The Better Together movement has been pushing for the reunification of the city and county and the 89 municipalities within the county, specifically by unifying services like police, fire districts, taxes, and economic development.

The issue of re-entry, or unification, as some refer to it, has been a topic of much debate for some time now. The City of St. Louis is encompassed by the county, geographically speaking, but the two have lived as separate entities since the late 1870’s, following the so-called “Great Divorce” when the two divisions split.

Business leaders both in the city and the county have shown some support for the idea of unification, but opponents of the idea have also voiced their concerns, most of them citing their worries about consolidating the city’s problems with the county, and placing debt accrued by St. Louis onto County citizens.

Neither of the two leaders used the word “unification” during the news conference on Monday, and neither expressed endorsement of a complete unification proposal; rather, they both spoke in favor of identifying areas that would allow the region to work together in a more efficient and less costly manner.

“Over the last two years, I’ve seen the limitations that our current structure places on us. It frequently prevents us from changing and adapting to the times we live in. Businesses struggle with our fragmentation,” Stenger said. “In order for us to reach our true potential, we must make some changes. I’ve heard many solutions talked about, and without a formal presentation of options and without a deep dive and a thorough analysis we will not know which path forward is the correct one. But I know it’s time for us to look hard at the alternatives, to perform the necessary analysis, and choose a path forward with respect to these issues.”
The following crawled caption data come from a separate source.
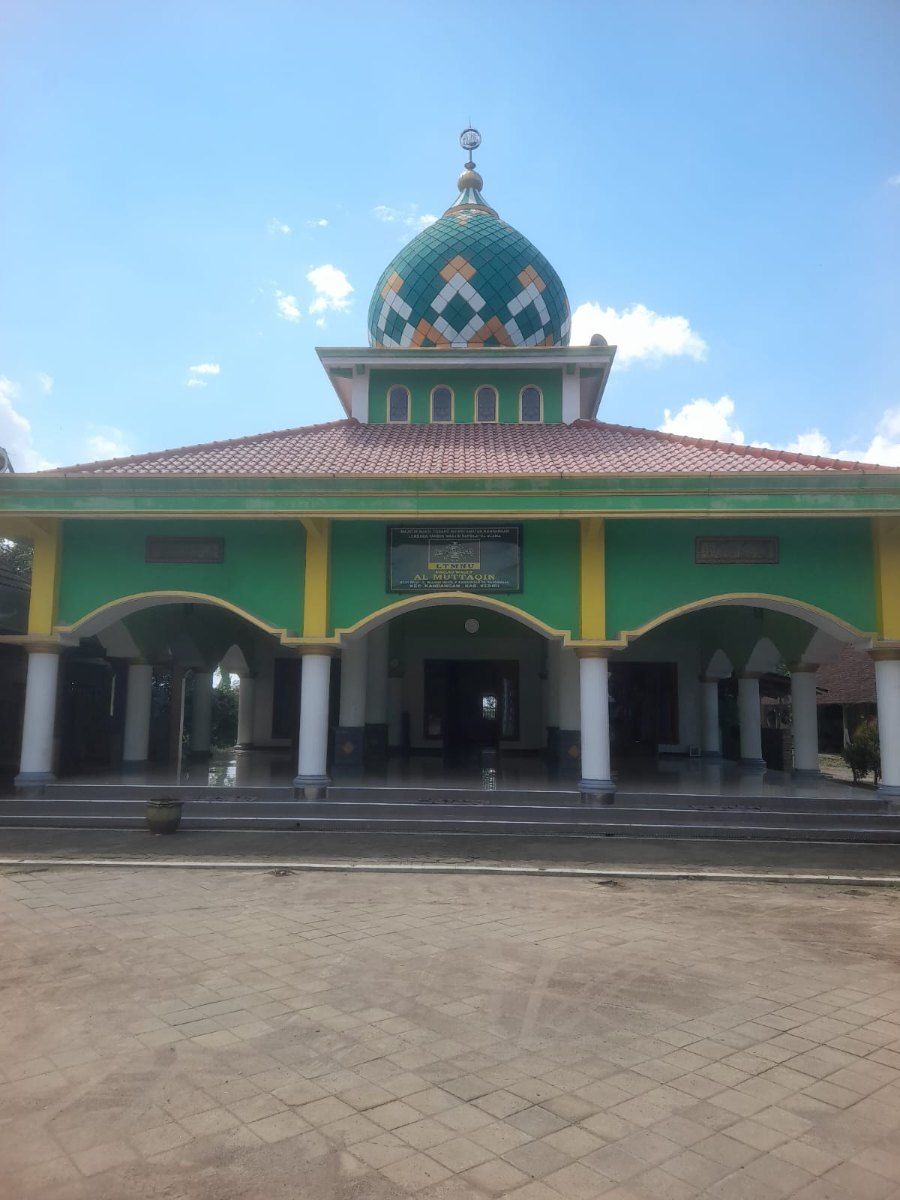 Foto AL MUTTAQIN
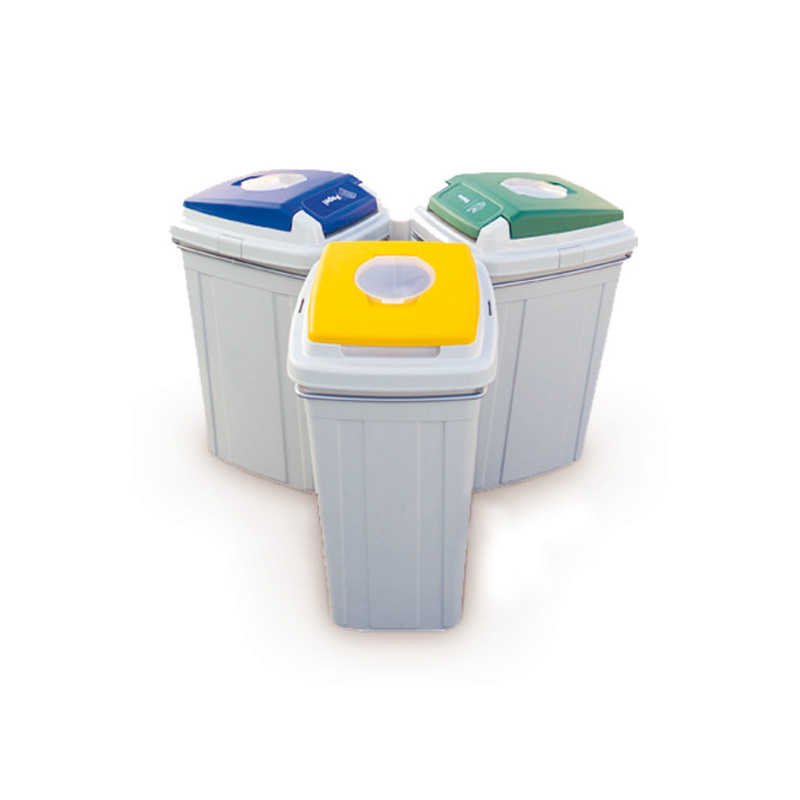 Isla de reciclaje selectivo con papeleras de colores para separación de residuos.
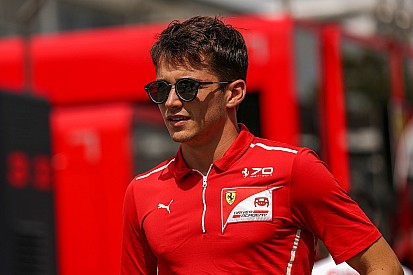 Leclerc au volant de la Ferrari pour les tests Pirelli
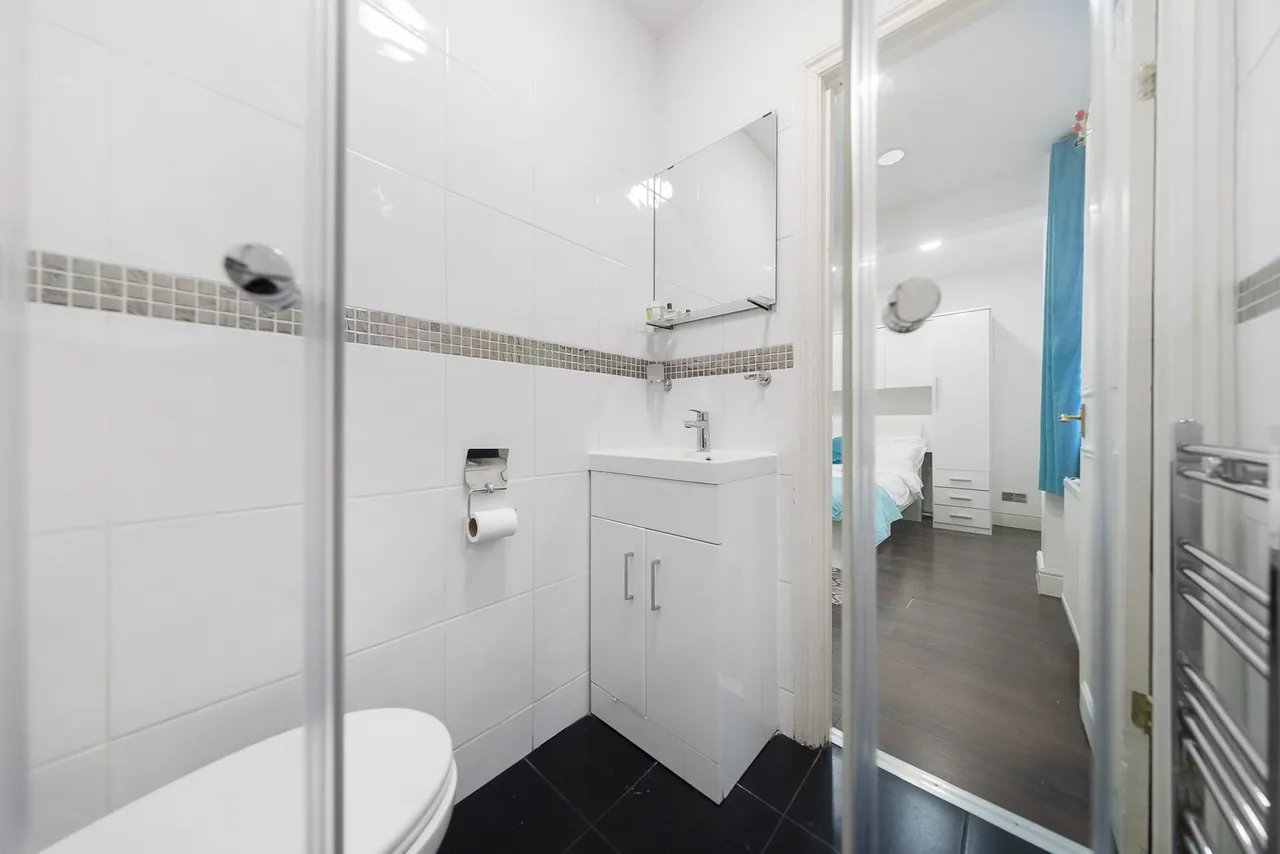 685 Chelsea Cloisters, Sloane Avenue, London, photo 11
“I’m troubled by the findings of the updated Better Together report. I do not think it is advisable for us to continue going down this road. I’ve been the mayor for, I think, 54 days today, and I’m already seeing the effects of the spending in our community, not just the city, but the region,” Krewson said. “In St. Louis, we’re spending more for government service while losing population, and it’s frankly a struggle to find the funds to deliver the high level of basic services that we want to deliver. I recognize that the city is going to have to change in order to thrive. I said that many times during my campaign and these first several weeks in office have affirmed that opinion. I’m grateful to Better Together and the task force for taking this on and I look forward to their findings.”

Both Stenger and Krewson pledged to work with the task force, saying that the “time for this effort is now.”